By Kathy Hughes
Contributing Writer
This week is the 13th anniversary of Hurricane Katrina, and residents of New Orleans and the Gulf Coast have yet to fully recover, now their neighbors to the west are coping with the devastation of Hurricane Harvey. After Katrina, close to 250,000 New Orleans evacuees fled to Houston, Texas, many of them permanently.
With regard to the current disaster, the word “unprecedented” is used in almost every news report, but that isn’t exactly true. Yet, how do you compare? Lives lost? Damage to property or the economy? People displaced and left homeless? Hurricane category, wind speed or rainfall?

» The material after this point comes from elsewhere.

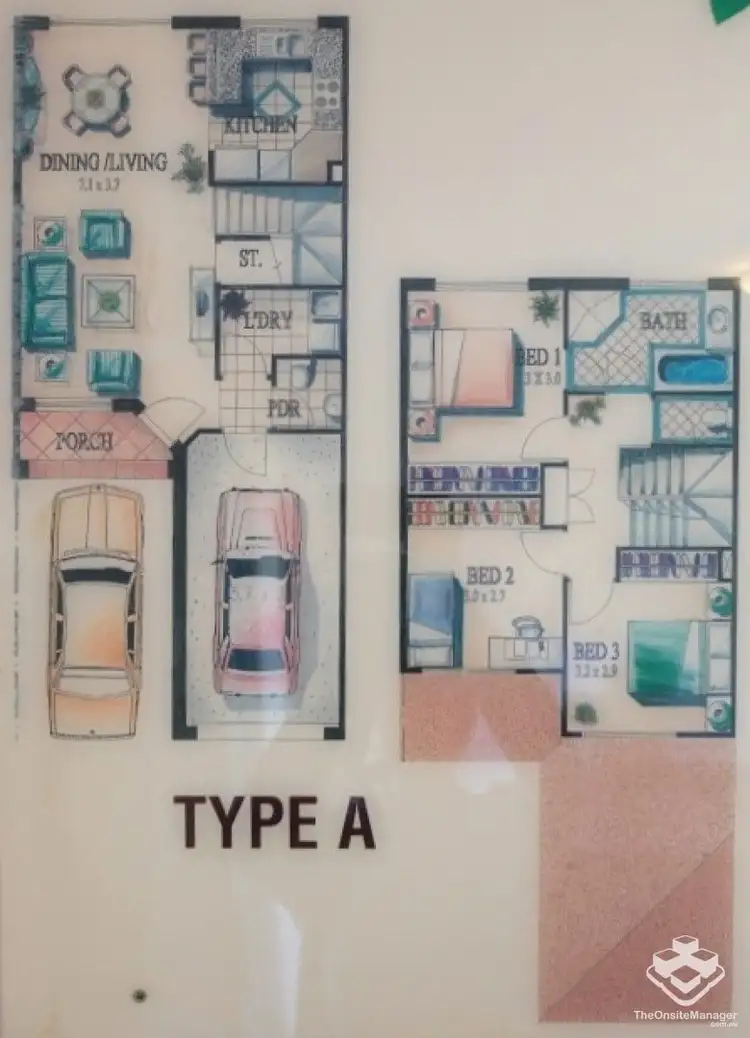 Second view of Homely townhouse listing, ID:21155342/28 Ancona Street, Carrara QLD 4211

Not only do we have the hurricanes in recent memory — Katrina, Dennis, Sandy and Rita, but also (in my lifetime), Andrew, Wilma, Ike, David, Agnes and Hazel. So far, the deadliest hurricane ever to strike the U.S. was the Galveston, Texas hurricane which struck Sept. 8, 1900.

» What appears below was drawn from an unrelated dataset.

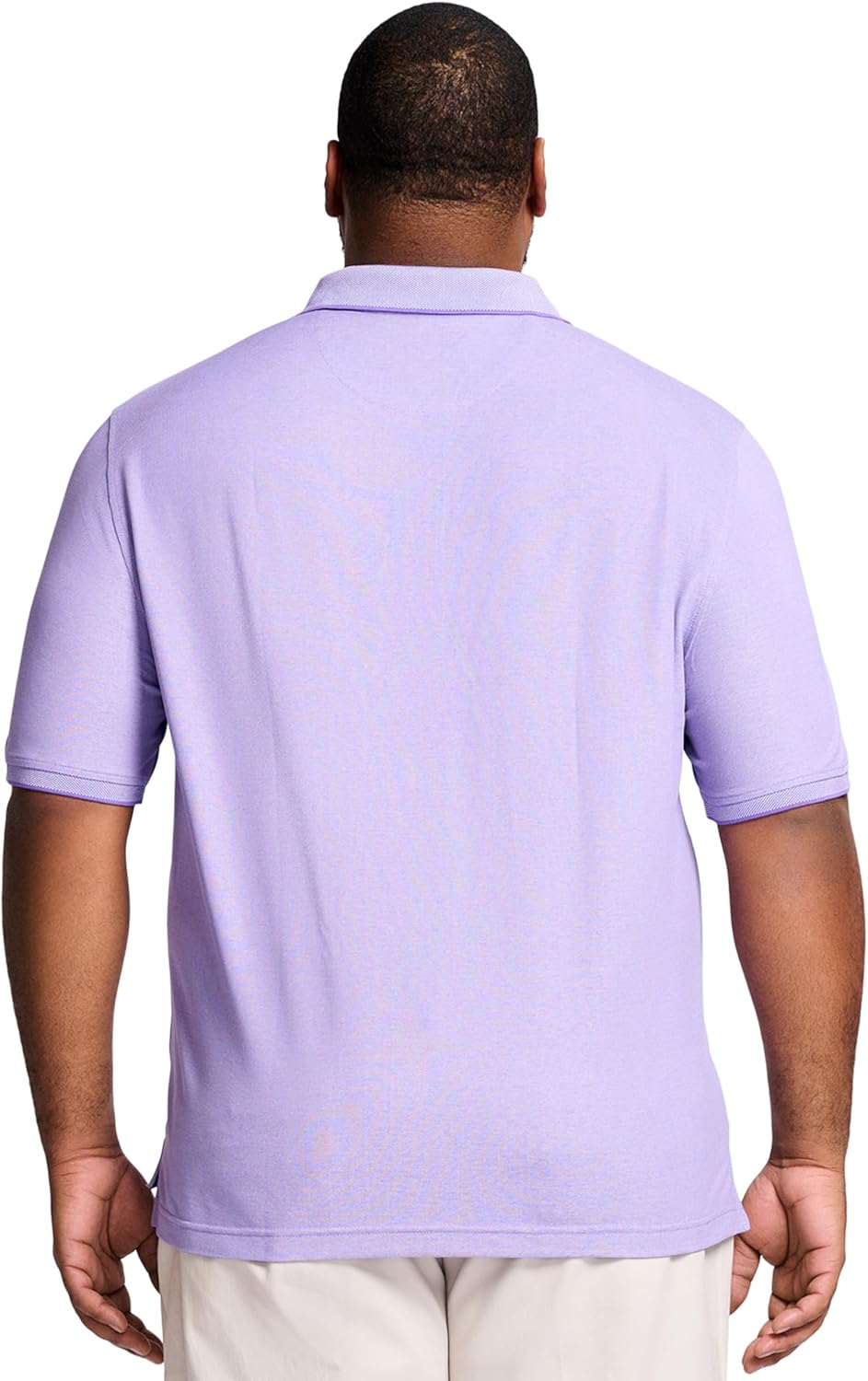 IZOD Men's Big and Tall Advantage Performance Short Sleeve Polo Shirt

The 1900 hurricane left the city of Galveston and the island in ruins, and an unbelievable death toll of six to 12 thousand lives lost; it is believed that 20 percent of Galveston’s 36,000 residents lost their lives, putting the best estimate at 8,000 people. Corpses were everywhere; desperation led to dumping bodies at sea, but they only washed back to shore, littering the beaches. Two hundred bodies were found on a train which was headed to Galveston from Houston; many people were drowned or buried alive beneath the debris. Despite cries for help, there was no way to rescue buried survivors.
The city of Houston owes its existence largely to refugees from Galveston, who abandoned the island where over 3,500 homes were destroyed. Katrina was the costliest U.S. storm to date, but Galveston was the deadliest.

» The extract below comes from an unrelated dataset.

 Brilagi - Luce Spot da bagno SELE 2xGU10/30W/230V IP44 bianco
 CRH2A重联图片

A political note, currently the U.S. Congress is considering raising the country’s debt limit in preparation for determining budget allocations. So far, Hurricane Harvey is estimated to add tens of billions of dollars to the existing U.S. debt.
At the time of Hurricane Katrina, I distinctly remember the Netherlands offering to provide aid to the United States. Considering their experience with liberating underwater land, I was dismayed when the offer was refused. I may be wrong, but other countries also may have offered assistance at that time. It seems we are too proud to accept help, while the assistance we dispense in aid of disasters abroad must be in the billions of dollars.
Given the current international coldness towards the U.S., I don’t expect any offers of aid to be forthcoming. Should we accept help from other nations when freely offered? I don’t see why not.